Copy out each line of the entries below in which the string "going" appears.

- DATASET RECORDS:
=== Begin Enclosure ===
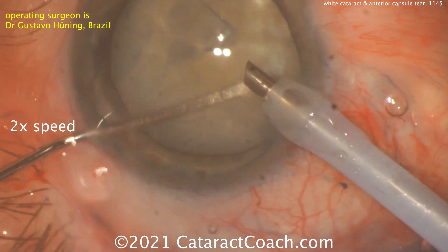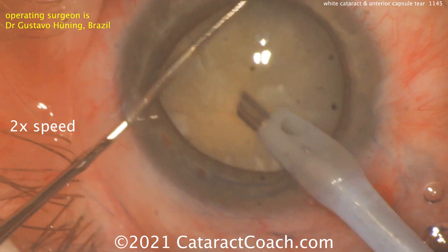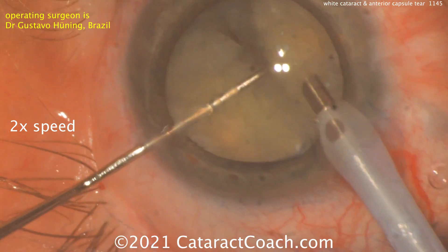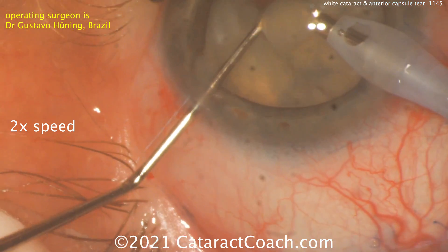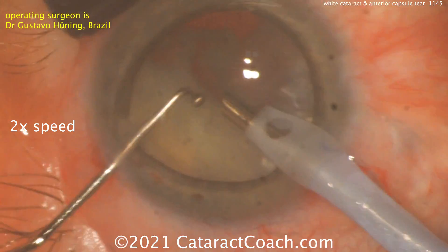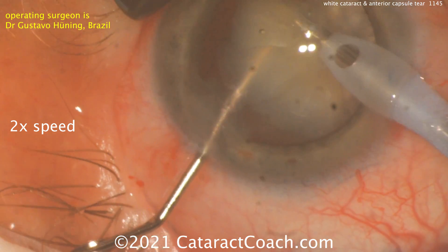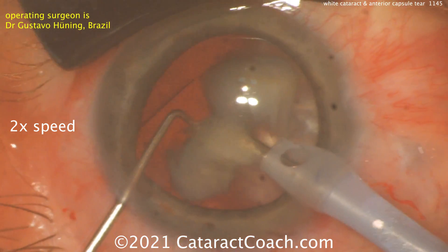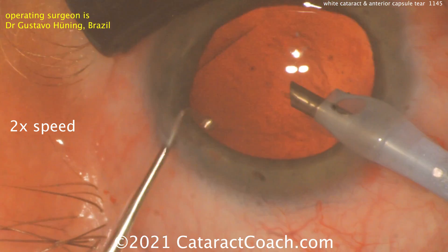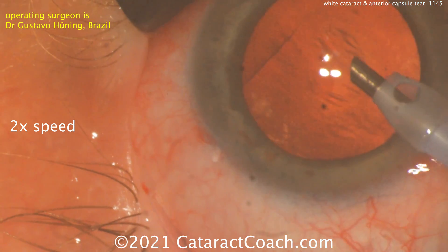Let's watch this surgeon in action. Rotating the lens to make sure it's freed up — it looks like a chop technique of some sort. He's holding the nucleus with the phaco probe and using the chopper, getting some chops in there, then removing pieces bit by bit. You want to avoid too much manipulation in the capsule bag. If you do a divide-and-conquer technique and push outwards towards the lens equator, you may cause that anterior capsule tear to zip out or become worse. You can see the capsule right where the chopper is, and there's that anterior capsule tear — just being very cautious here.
=== End Enclosure ===
=== Begin Enclosure ===
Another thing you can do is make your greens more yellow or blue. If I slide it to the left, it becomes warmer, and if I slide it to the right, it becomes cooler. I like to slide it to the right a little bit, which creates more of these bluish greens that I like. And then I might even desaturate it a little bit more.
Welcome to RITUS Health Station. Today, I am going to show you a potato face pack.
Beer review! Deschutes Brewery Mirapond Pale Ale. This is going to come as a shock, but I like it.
=== End Enclosure ===
=== Begin Enclosure ===
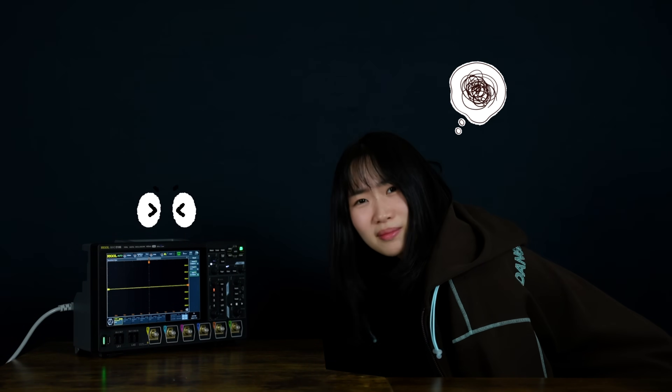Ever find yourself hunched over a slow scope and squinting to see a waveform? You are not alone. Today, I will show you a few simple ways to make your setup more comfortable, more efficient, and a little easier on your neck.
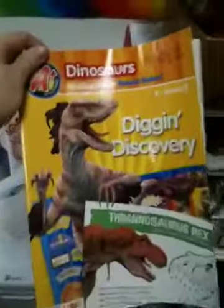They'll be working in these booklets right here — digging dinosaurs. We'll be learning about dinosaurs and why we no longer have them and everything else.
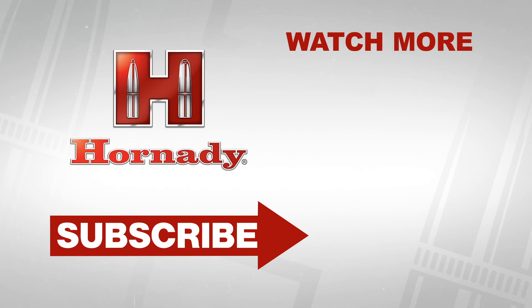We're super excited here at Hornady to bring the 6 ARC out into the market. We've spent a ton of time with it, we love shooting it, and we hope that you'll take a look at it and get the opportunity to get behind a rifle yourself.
=== End Enclosure ===
- ANSWER TO THIS PROBLEM:
Welcome to RITUS Health Station. Today, I am going to show you a potato face pack.
Beer review! Deschutes Brewery Mirapond Pale Ale. This is going to come as a shock, but I like it.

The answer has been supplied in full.